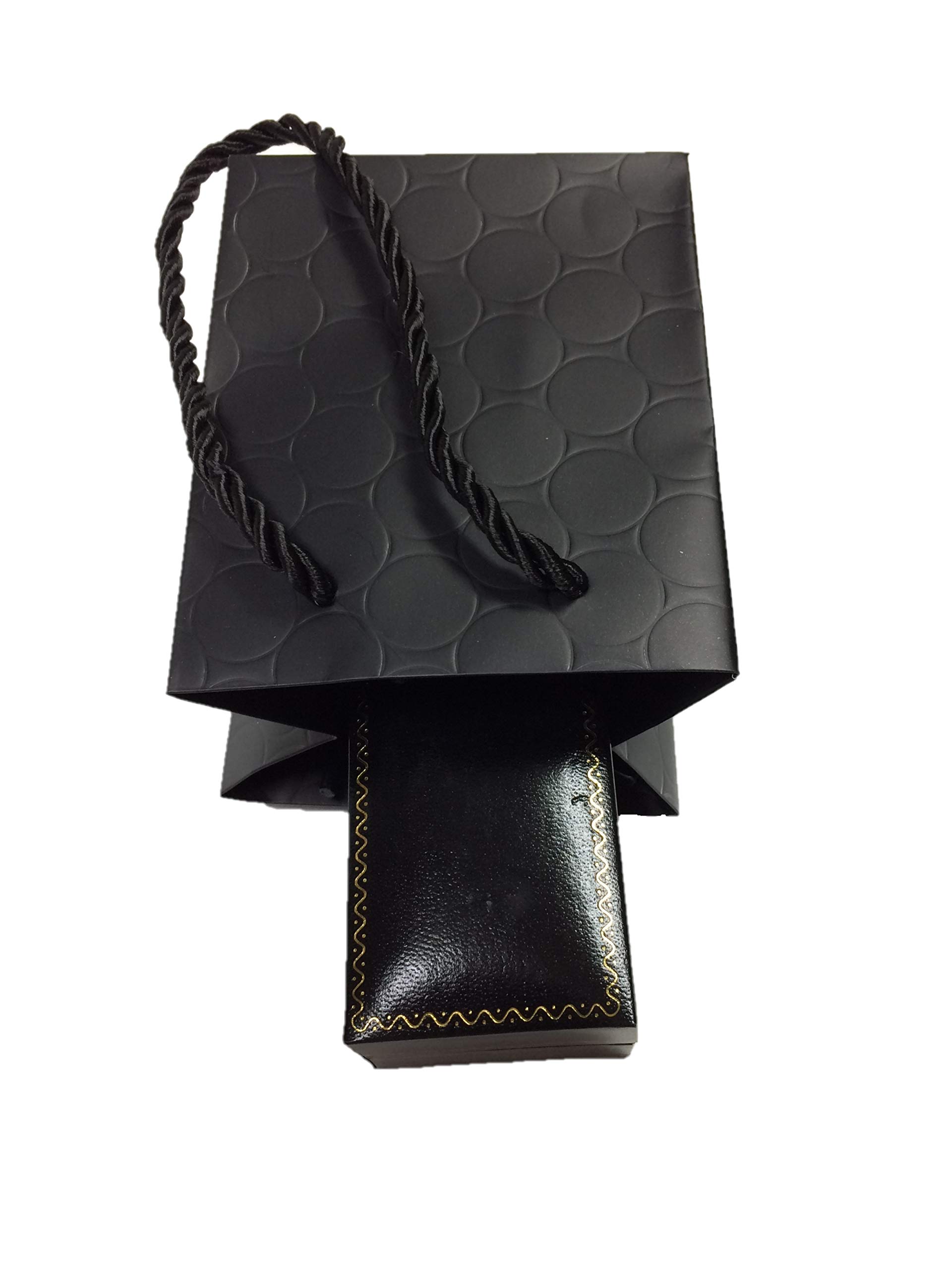 Premium Small Black Gift Bags Bulk with Luxury Handles - 4x3x5 Inches (144 Pack) - Elegant Embossed Paper Shopping Bags for Jewelry, Party Favors, Wedding Gifts & Merchandise Display - Perfect for Retail Packaging, Birthday Parties & Special Events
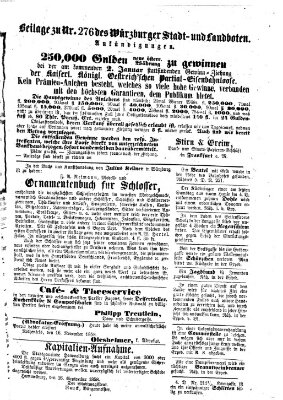 Würzburger Stadt- und Landbote Freitag 19. November 1858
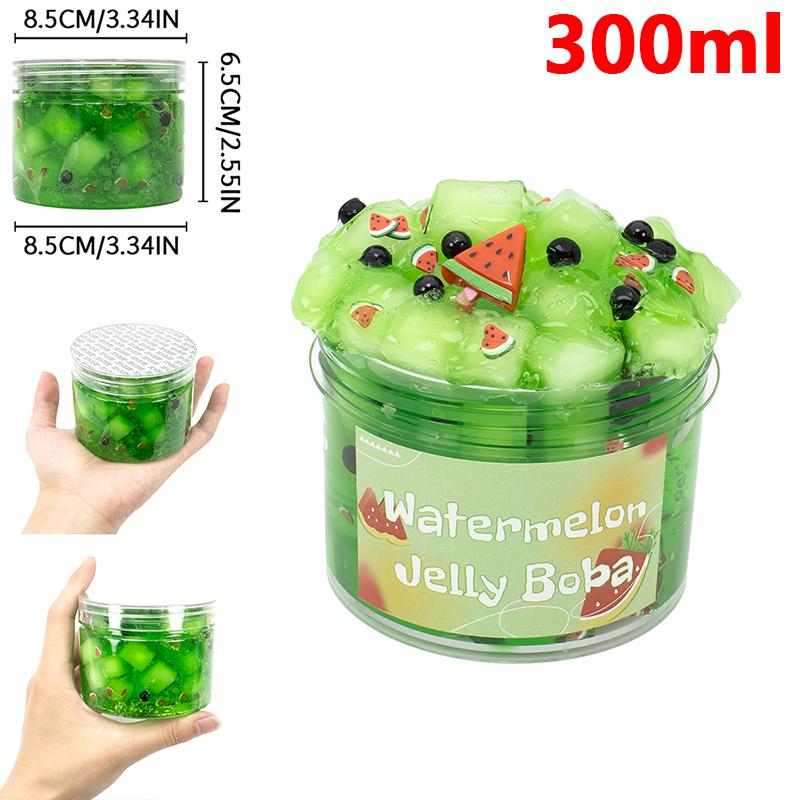 GB9-70/300ml Große Kapazität Knuspriges Slime-Set Vorgefertigtes Kristall-Slime-Set Superweiches und Nichtklebriges Gelee-Würfel-Slime Partygeschenk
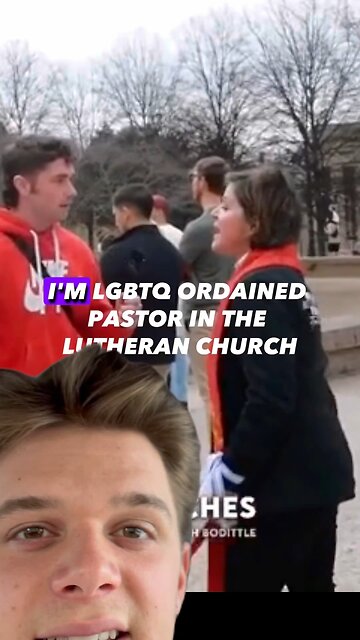 LGBTQ “Pastor” Gets Triggered By The Bible🤦‍♂️😂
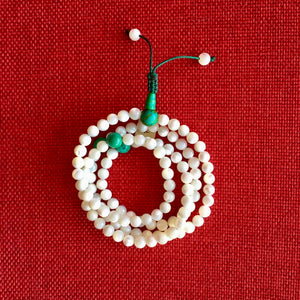 Mother of Pearl Mala (Prayer Beads) 6mm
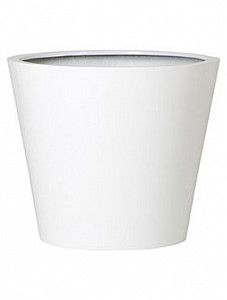 Кашпо Fiberstone glossy white bucket xs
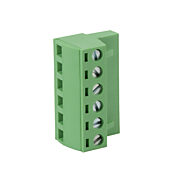 Клеммная вилка: 10 шт/уп, 6-контактная, для клеммной колодки серии DN-EMXM1 или DN-EMXDV (PN# DN-6PLUGMN)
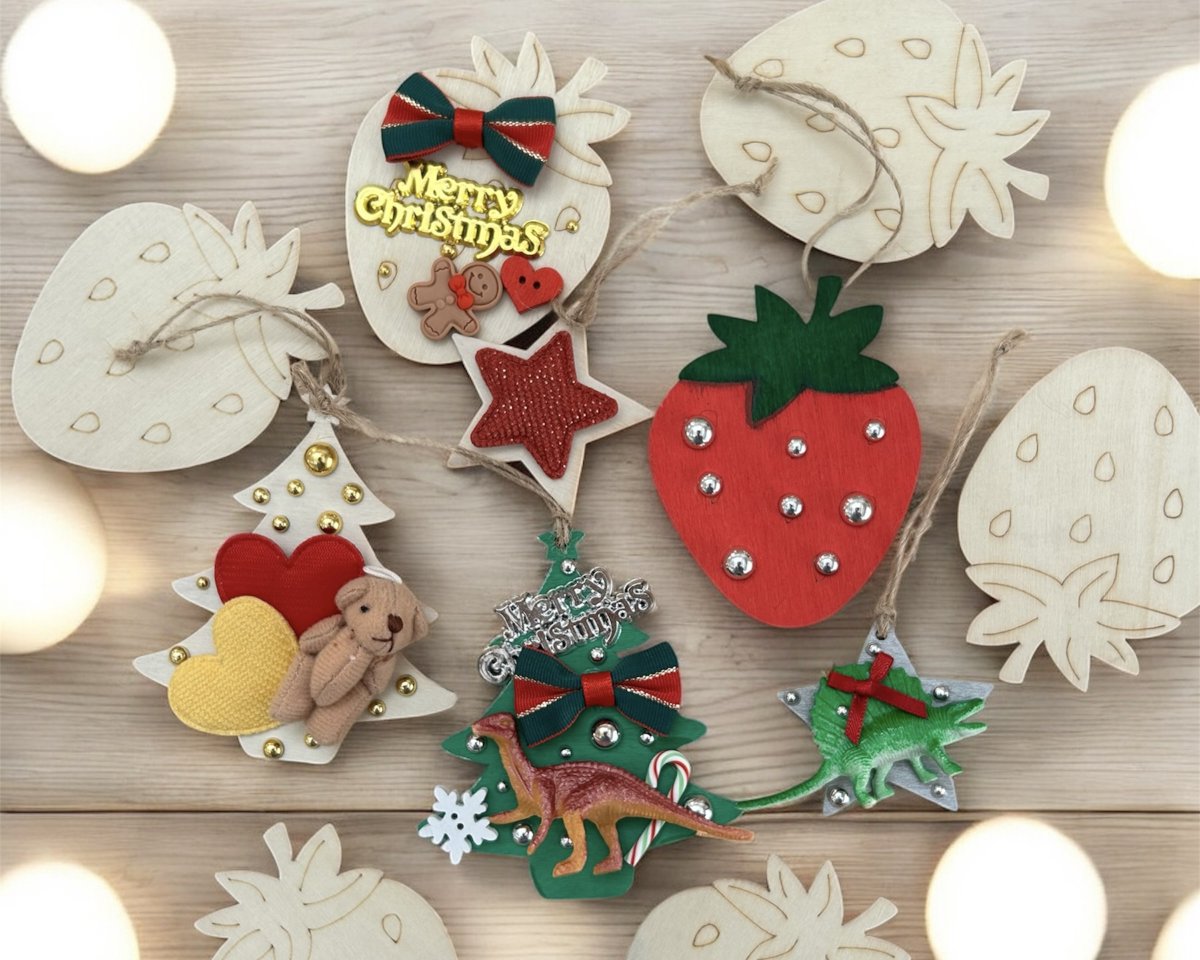 いちごびより🍓ワークショップ クリスマスオーナメントづくり🎄 ＼ 12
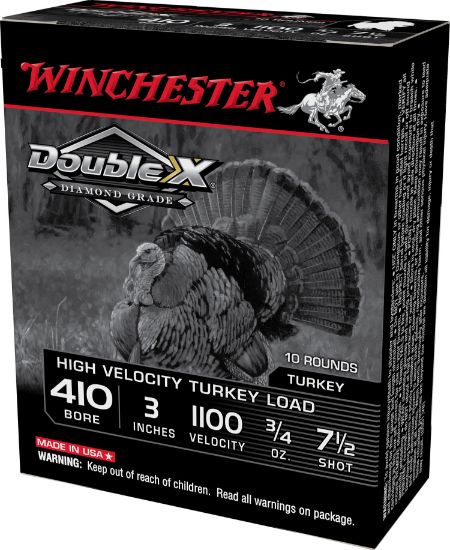 Picture of Winchester Ammo Sth4137 Double X Diamond Grade 410 Gauge 3" 3/4 Oz 7.5 Shot 10 Bx/ 10 Case For Turkey 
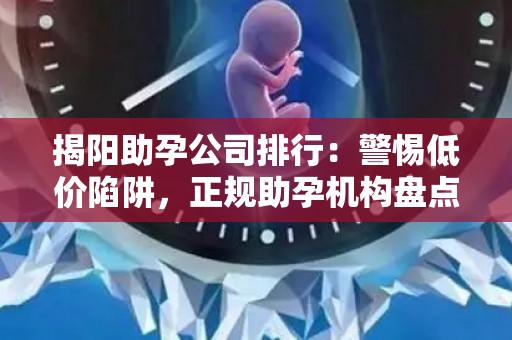 揭阳助孕公司排行：警惕低价陷阱，正规助孕机构盘点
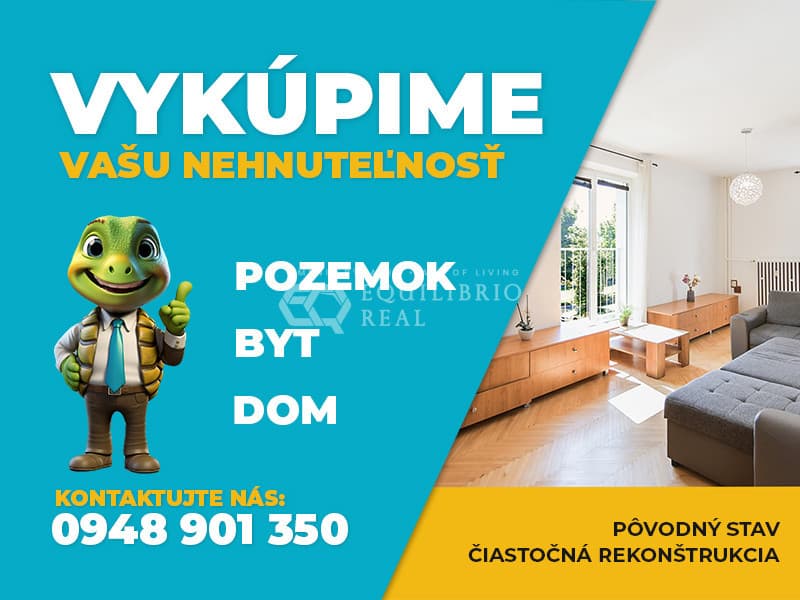 VYKÚPIME VÁŠ DOM V KOŠICIACH A OKOLÍ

_What to do:_
From the opening line of the entries above to the line that holds "Mother of Pearl Mala (Prayer Beads) 6mm", inclusive, reproduce each line exactly and omit any picture.

_Solution:_
 Premium Small Black Gift Bags Bulk with Luxury Handles - 4x3x5 Inches (144 Pack) - Elegant Embossed Paper Shopping Bags for Jewelry, Party Favors, Wedding Gifts & Merchandise Display - Perfect for Retail Packaging, Birthday Parties & Special Events
 Würzburger Stadt- und Landbote Freitag 19. November 1858
 GB9-70/300ml Große Kapazität Knuspriges Slime-Set Vorgefertigtes Kristall-Slime-Set Superweiches und Nichtklebriges Gelee-Würfel-Slime Partygeschenk
 LGBTQ “Pastor” Gets Triggered By The Bible🤦‍♂️😂
 Mother of Pearl Mala (Prayer Beads) 6mm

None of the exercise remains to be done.